Okie Dokie, Bob, the Tek-Challenged Blogger, has added a nifty new DIGITAL CLOCK to VleeptronZ -- and Bob succeeded the very first time!
If you can't see it, scroll down a little, it will be on the right.
Blue is my favorite color.
It's set for EST (USA Eastern Standard Time), which is GMT (Greenwich Mean Time or Zulu Time) minus 5 hours.
If you're in Newfoundland or one of the time zones in India, you'll have to add a 30-minute offset to know what time it is. I've been to Newfoundland twice. Re-setting your watch by a 30-minute offset and then resetting it again when your ferry returns to the Canada mainland is One Royal Pain In The Ass.

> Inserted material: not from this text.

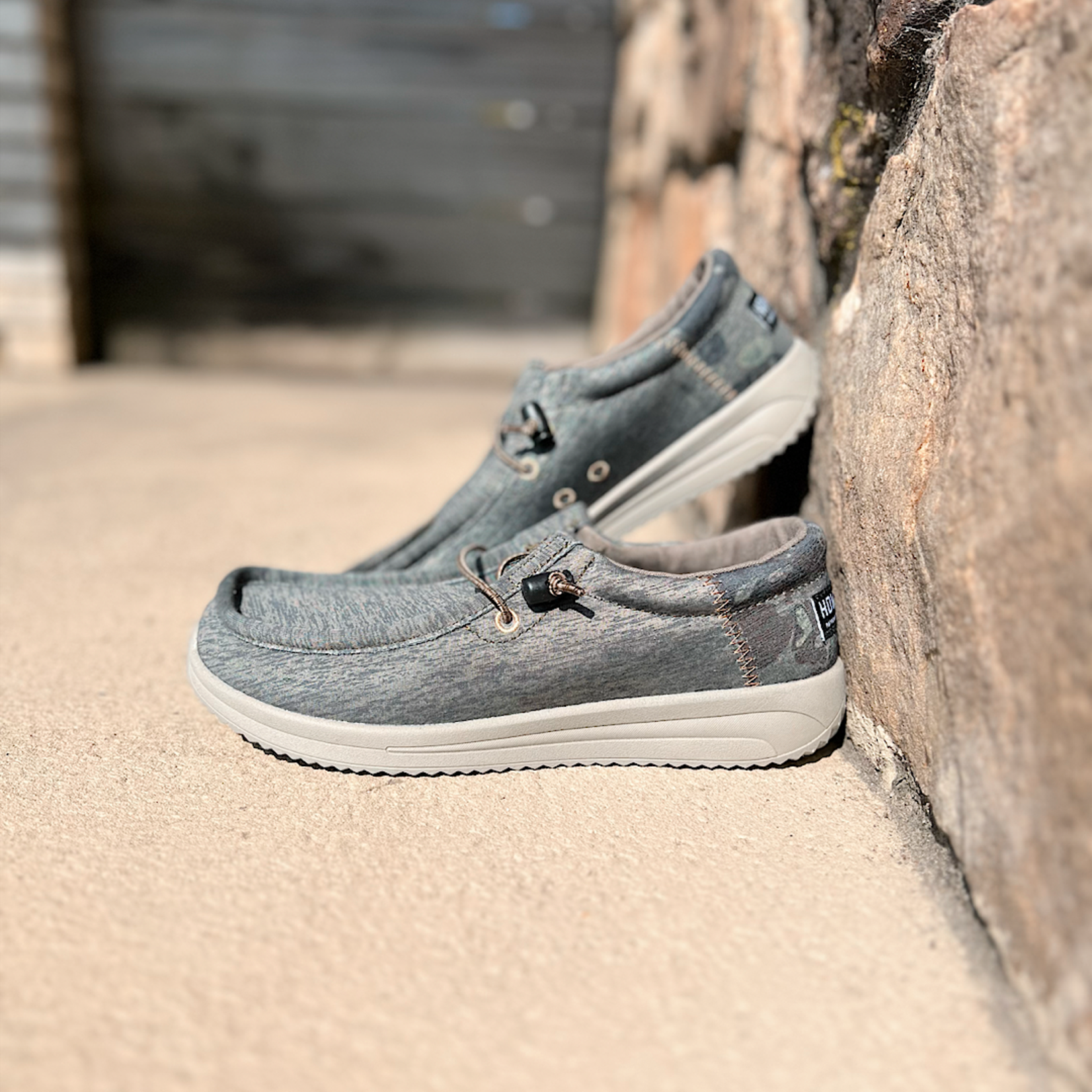 Howitzer Roam Tan CV4944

Do you hate digital clocks and would prefer an Analog design? Leave a Comment.
I've forgotten to re-set my watch on two occasions when I've crossed a time zone. You should have seen the nasty looks on the faces of the crew of the ferry in Helsinki when my taxi ("taxi" and "okay" are the only Finnish/Suomi words I understand) dumped me at the gangway 0.003 seconds before the ship sailed. I learned the Finnish / Suomi words for "asshole tourist" that day.
The other time was last year when the Occidental Mystic Mathematician RamanuJohn picked me up at the ferry in Portland, Maine. The next morning I thought he was an hour late to wake up to drive me to the Amtrak train to Boston.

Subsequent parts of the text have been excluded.